(Brief descriptive captions)
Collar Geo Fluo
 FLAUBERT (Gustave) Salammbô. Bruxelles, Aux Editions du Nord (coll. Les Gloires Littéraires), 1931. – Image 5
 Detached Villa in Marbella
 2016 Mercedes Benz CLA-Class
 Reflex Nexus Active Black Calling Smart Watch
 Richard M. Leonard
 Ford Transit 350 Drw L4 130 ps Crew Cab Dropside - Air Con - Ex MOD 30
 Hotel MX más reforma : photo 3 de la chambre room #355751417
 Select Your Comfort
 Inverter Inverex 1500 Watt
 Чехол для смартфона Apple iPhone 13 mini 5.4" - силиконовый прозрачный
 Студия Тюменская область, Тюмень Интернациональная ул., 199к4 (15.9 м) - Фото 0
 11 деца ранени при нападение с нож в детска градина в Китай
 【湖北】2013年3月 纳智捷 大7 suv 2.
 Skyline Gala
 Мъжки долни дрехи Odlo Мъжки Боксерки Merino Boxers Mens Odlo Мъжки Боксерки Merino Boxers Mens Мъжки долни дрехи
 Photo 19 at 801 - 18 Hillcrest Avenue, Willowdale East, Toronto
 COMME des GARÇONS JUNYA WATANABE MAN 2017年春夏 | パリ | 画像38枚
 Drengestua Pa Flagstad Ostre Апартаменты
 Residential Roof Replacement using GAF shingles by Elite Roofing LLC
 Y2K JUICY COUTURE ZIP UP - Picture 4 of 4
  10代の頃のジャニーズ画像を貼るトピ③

# What is being asked
Every record above is to be copied out again exactly as written.

# Output for this task
Collar Geo Fluo
 FLAUBERT (Gustave) Salammbô. Bruxelles, Aux Editions du Nord (coll. Les Gloires Littéraires), 1931. – Image 5
 Detached Villa in Marbella
 2016 Mercedes Benz CLA-Class
 Reflex Nexus Active Black Calling Smart Watch
 Richard M. Leonard
 Ford Transit 350 Drw L4 130 ps Crew Cab Dropside - Air Con - Ex MOD 30
 Hotel MX más reforma : photo 3 de la chambre room #355751417
 Select Your Comfort
 Inverter Inverex 1500 Watt
 Чехол для смартфона Apple iPhone 13 mini 5.4" - силиконовый прозрачный
 Студия Тюменская область, Тюмень Интернациональная ул., 199к4 (15.9 м) - Фото 0
 11 деца ранени при нападение с нож в детска градина в Китай
 【湖北】2013年3月 纳智捷 大7 suv 2.
 Skyline Gala
 Мъжки долни дрехи Odlo Мъжки Боксерки Merino Boxers Mens Odlo Мъжки Боксерки Merino Boxers Mens Мъжки долни дрехи
 Photo 19 at 801 - 18 Hillcrest Avenue, Willowdale East, Toronto
 COMME des GARÇONS JUNYA WATANABE MAN 2017年春夏 | パリ | 画像38枚
 Drengestua Pa Flagstad Ostre Апартаменты
 Residential Roof Replacement using GAF shingles by Elite Roofing LLC
 Y2K JUICY COUTURE ZIP UP - Picture 4 of 4
  10代の頃のジャニーズ画像を貼るトピ③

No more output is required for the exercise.